Do you love Christmas? A lot of people do. But for some, it can be an unhappy time, reminding them of loneliness, or losses, or an unhappy past. If that describes you, there's no reason to feel ashamed just because the rest of the world is entranced by the magic of the holidays and you don't feel like celebrating. And if you're the sort of Christmas-loving person who dons a Santa hat on the day after Thanksgiving, consider how others might be feeling before you go around humming "It's the most wonderful time of the year."
I got to thinking about this recently when a friend described getting asked the same perplexing question every year: "What is your favorite Christmas memory." His father was an alcoholic and verbally abusive. As you know if you've ever lived with an alcoholic or struggled with the addiction yourself, things get worse, not better, around holiday time with its cocktail parties, cheery toasts, and spiked egg nog. Children of abusive parents, "don't have favorite Christmas memories," my friend explained. "We have vivid Christmas memories, but that's not the same thing."
His comment made me realize the blithe way so many of us holiday-loving types (which includes me most of the time) can be intent on imbuing others with our holiday cheer. But even though we tend to think of those two things as inseparably linked, in fact, the holidays and cheer don't necessarily have to go together. Even Ebeneezer Scrooge, who learned the importance of Christmas from three ghosts during the long night of Charles Dickens' "A Christmas Carol" really learned the more important lesson of how to be a better employer and a kindlier human being all 365 days of the year. Holiday time may seem like the perfect time to make donations and plan parties and give gifts and be nice to other people, but really we should do these things all the time and not just during the holiday season. Meantime, we have to stop assuming that everyone loves Christmas time--or worse, trying to get them to love it, whether they want to or not.

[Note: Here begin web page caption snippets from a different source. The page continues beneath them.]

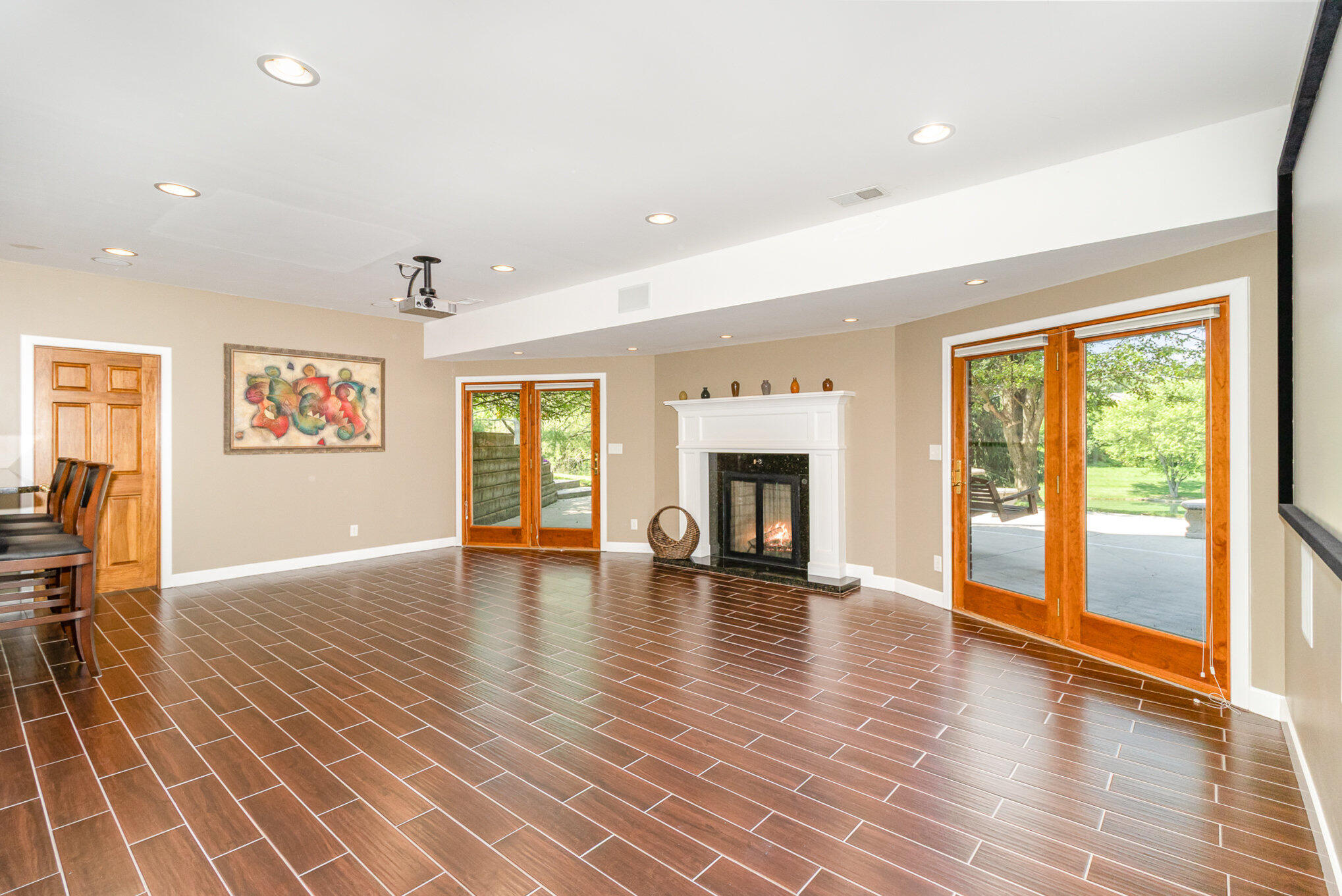9855 Washington Trace Road California, KY 41007 - Photo 25 of 50
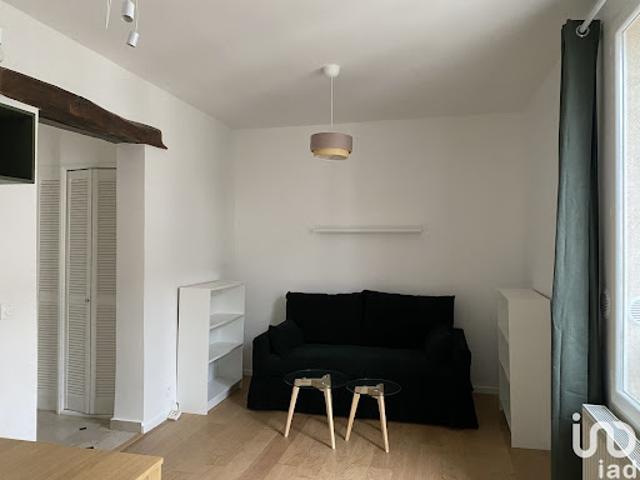 Appartement location à Nanterre, Asnières-sur-seine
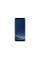 Smartphone Samsung Galaxy S8 Midnight black 64 GB - 617227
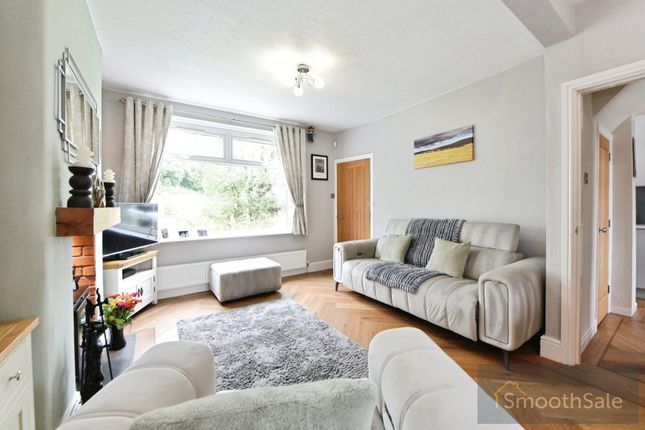 1, Grange Road, Manchester photo 4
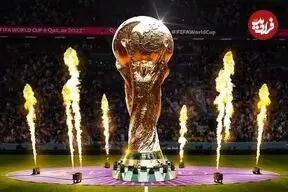 جام جهانی ۲۰۳۰؛ از میزبانان و تاریخ برگزاری تا هر آنچه باید درباره تورنمنت صدسالگی بدانید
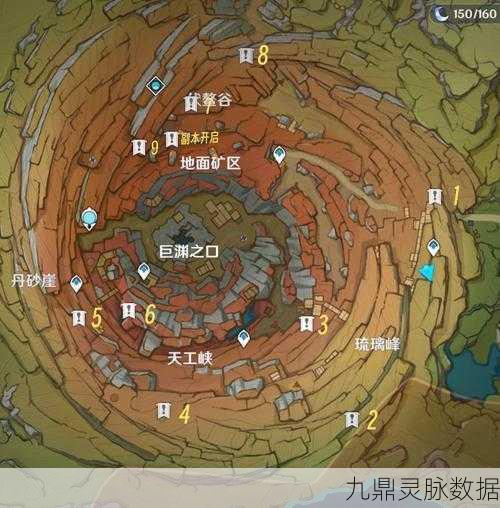 原神探秘,珍贵宝藏与沐宁的三个老石之谜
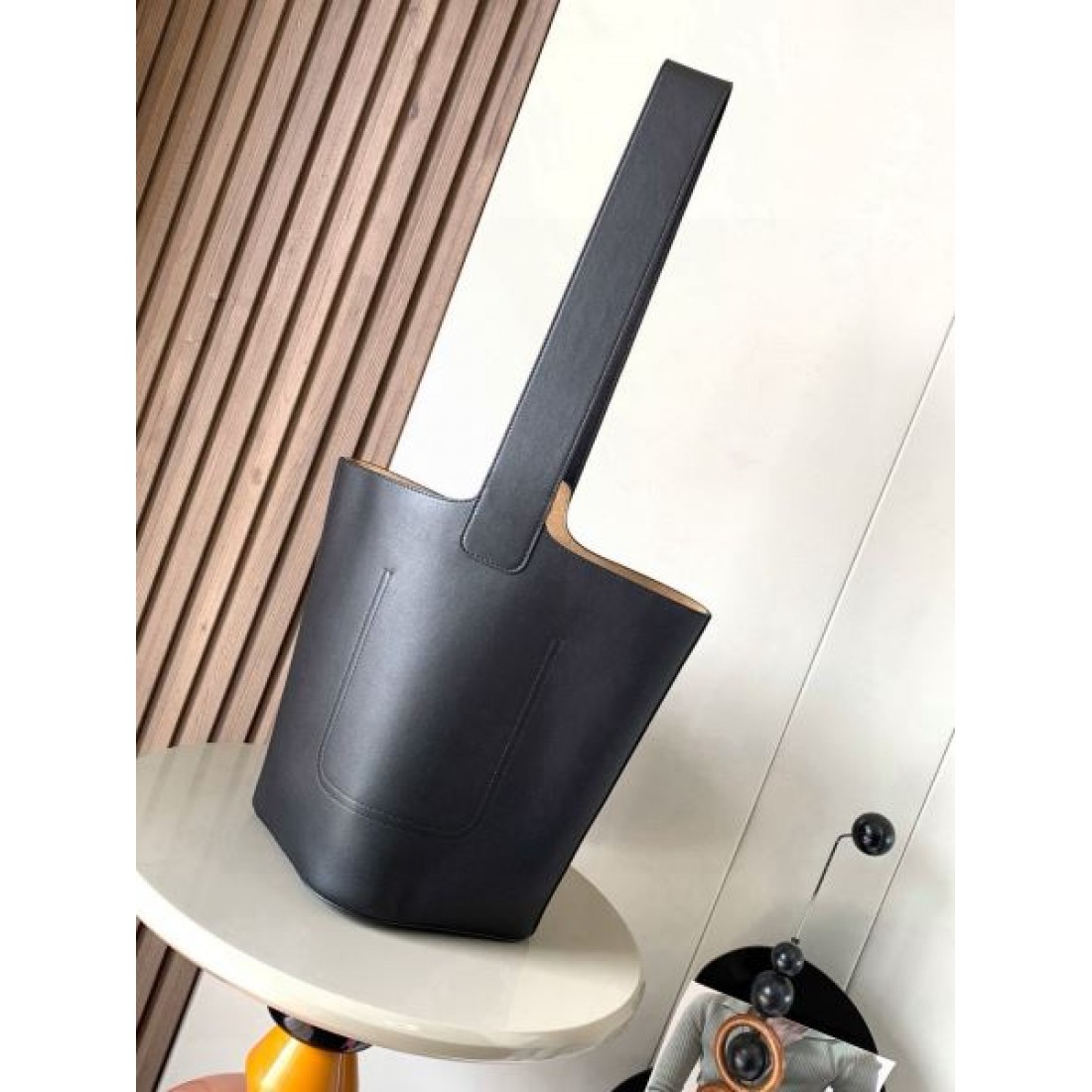 上質 洗練 ロエベ LOEWE コピー トートバッグ エレガント モダン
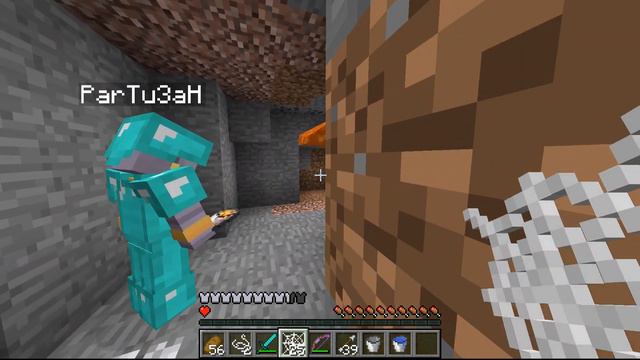 2 ПРО С 1 ХП VS НУБ С 999 ХП смотреть онлайн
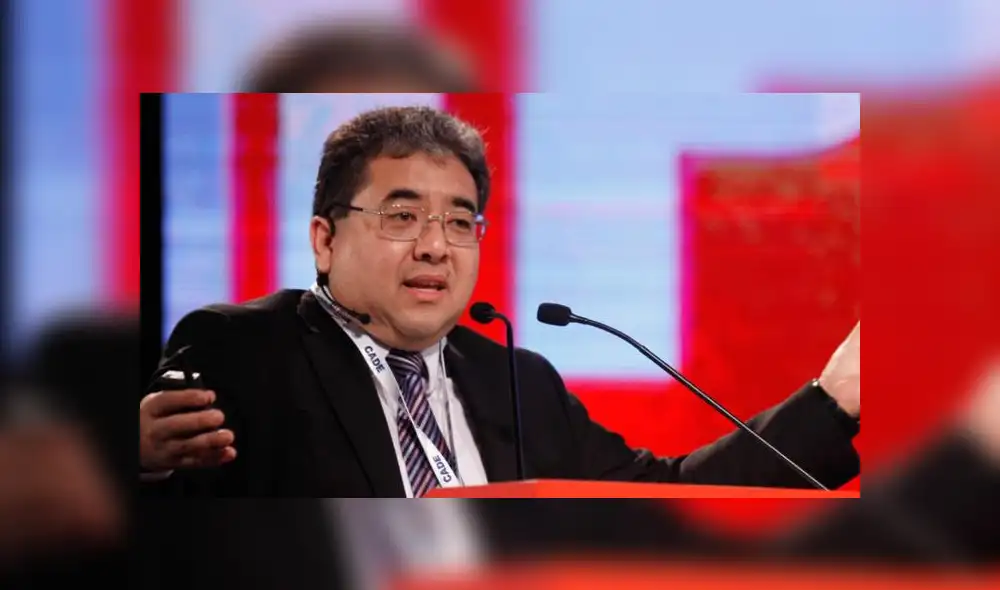 Contraloría anuncia que informes serán de acceso público Contraloría anuncia que informes serán de acceso público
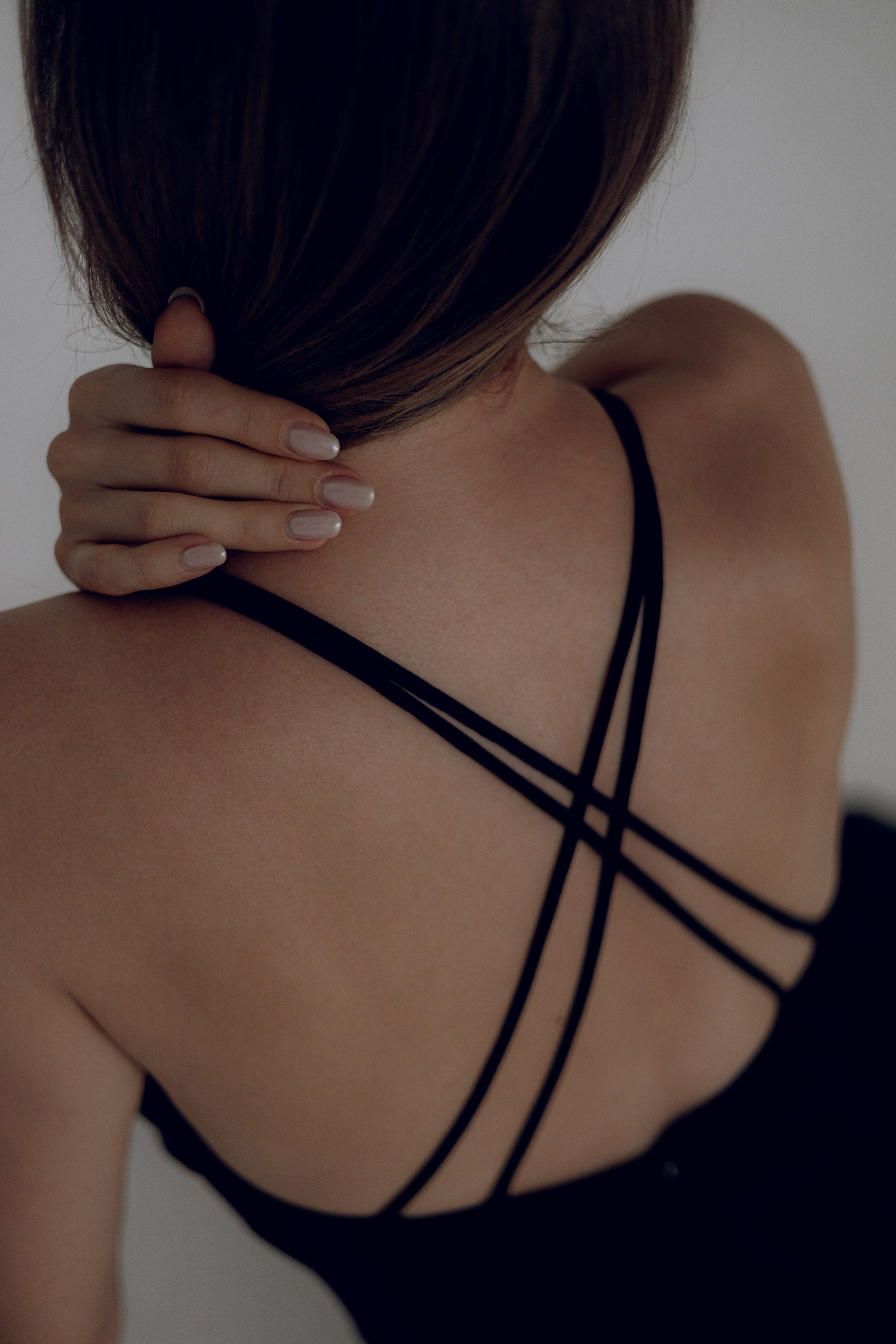 Эльвира. Свадебный фотограф Казань| Фотограф Казань Зевакина Анастасия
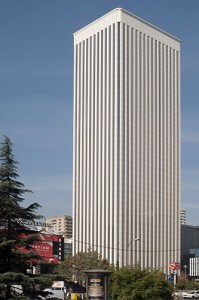 _DSC0190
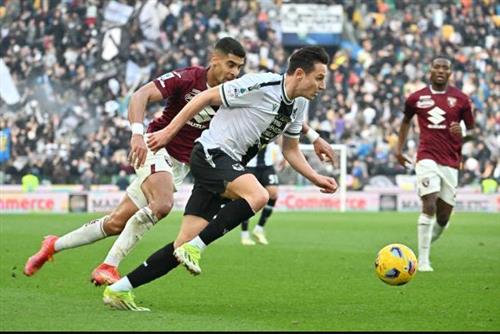 Top Free Bet Apps for Smart Betting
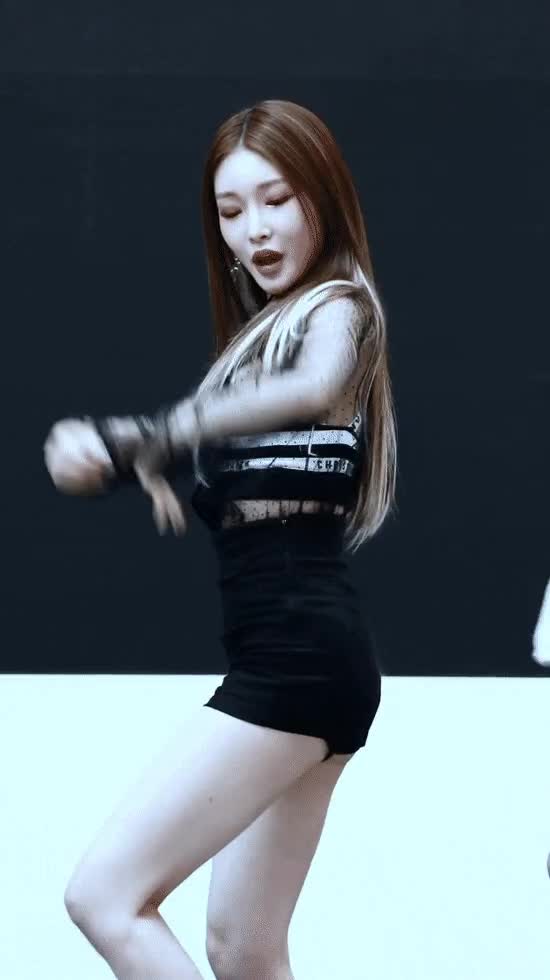 b6b56f914a16e70528bf00d1c9f5fa64_1663485797_2383.gif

And if you're someone who doesn't like the holidays or if you have bad memories or associations with it, don't ever feel ashamed or embarrassed for not seeing Christmas as a jolly time. You're perfectly entitled to tell your friends and co-workers that--no--you don't "just love this time of year." You're allowed to switch your car radio away from the endless Christmas carols, turn down invitations to parties, make charitable donations in lieu of shopping for holiday presents, or even skip exchanging gifts altogether. None of this makes you a Grinch. It just makes you someone who has the good sense to take care of yourself during what can be a trying time. (Here are some more suggestions for things to do if you hate the holidays.)
To me, the most important thing about the holiday season is that it's an opportunity to connect with each other. We visit relatives we might not have seen in a while (or they visit us). We share meals. We thank our employees for their hard work over the past year. We send notes and cards to people we haven't seen in a while. It's those connections that make us human. And, whether we love the holidays or hate them, it's those connections that count.